Kofi Annan, the UN general secretary, accused the Sudanese government and rebels of trying to take more territory in Darfur, and spoke of strong indications that war crimes have been committed in the region.
The UN has demanded that Khartoum take action to end the violence, disarm the government-backed Janjaweed militias blamed for many attacks and punish the perpetrators.
The latest evidence of continued fighting in Darfur is contained in a report which went before the UN Security Council last night.
The report, written by Jan Pronk, the senior UN envoy to Sudan, recommends council members take "prompt action" to get the government and rebels to comply with UN resolutions and urges countries with influence to exert pressure on the parties to negotiate a peace deal.
According to copies of the report circulated ahead of publication, the estimate of people in Darfur affected by the conflict rose during September from 1.8 million to 2 million, an upward trend expected to continue until the end of the year.
The increase stems mainly from the growing number of internally displaced people who have fled their homes because of insecurity, now 1.6 million, the report said.

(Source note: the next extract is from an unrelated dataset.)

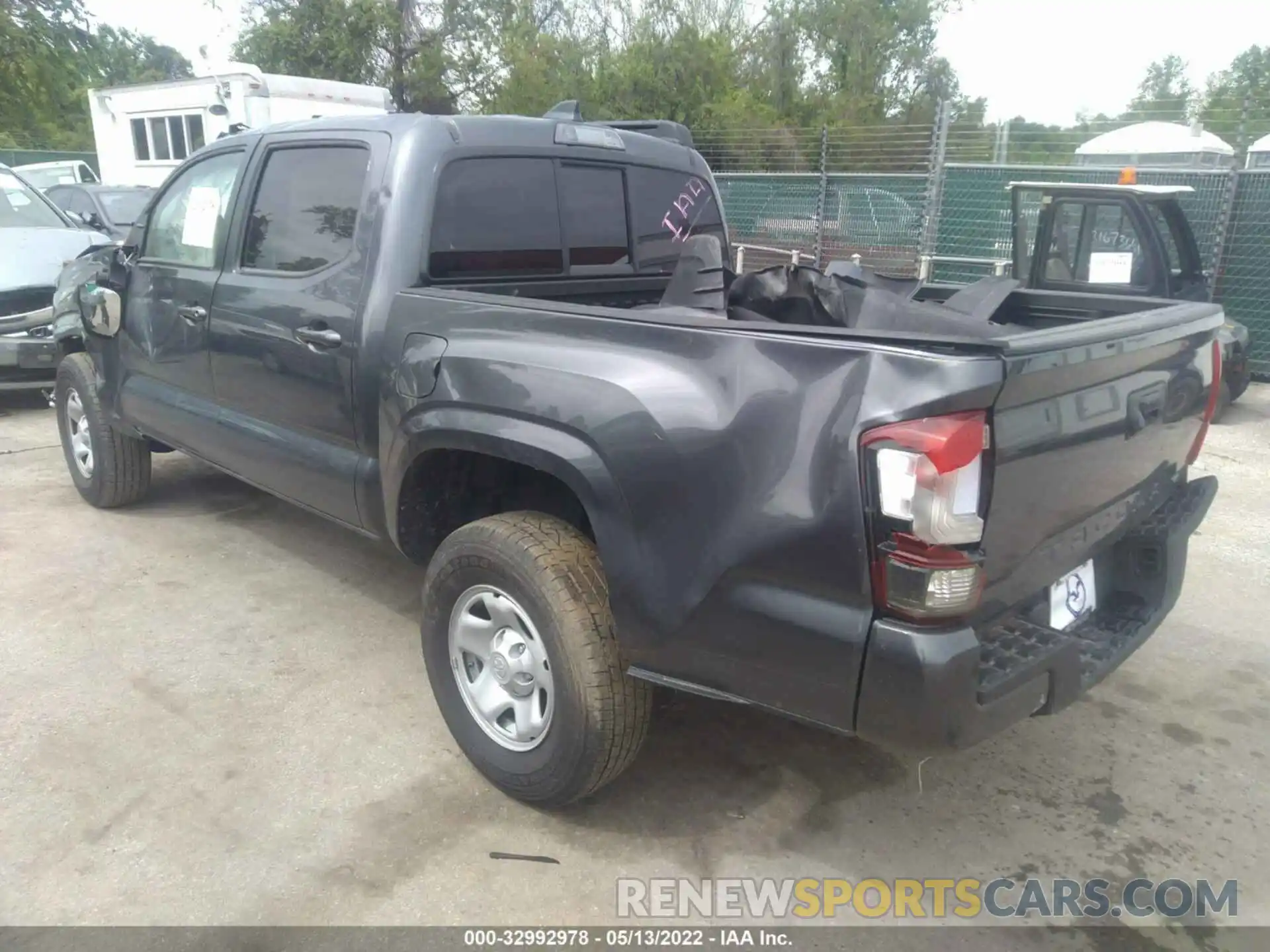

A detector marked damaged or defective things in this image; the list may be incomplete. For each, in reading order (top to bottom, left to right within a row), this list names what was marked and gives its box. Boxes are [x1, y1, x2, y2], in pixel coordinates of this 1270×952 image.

damaged rear quarter panel [381, 297, 1005, 731]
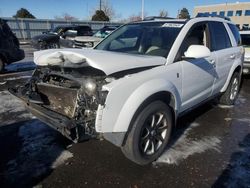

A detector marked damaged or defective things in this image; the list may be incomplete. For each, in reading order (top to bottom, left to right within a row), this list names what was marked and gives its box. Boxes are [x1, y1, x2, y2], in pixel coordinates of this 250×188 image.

A further 400,000 people affected by the conflict require humanitarian assistance.
The report said various sources had reported a new rebel group, the National Movement for Reformation and Development, has attacked government troops and threatened African Union troops deployed to help end the violence.
Until the government starts taking more than "pinprick" action against the perpetrators, the report warned, no displaced people will dare return home and no group will agree to disarm.
"Without an end to impunity, banditry goes from strength to strength, menacing the population and obstructing the delivery of aid to desperate people in isolated areas," the report said.
"There are strong indications that war crimes and crimes against humanity have occurred in Darfur on a large and systematic scale."
An international commission appointed by Mr Annan has three months to study human rights violations and determine whether genocide has occurred in Darfur.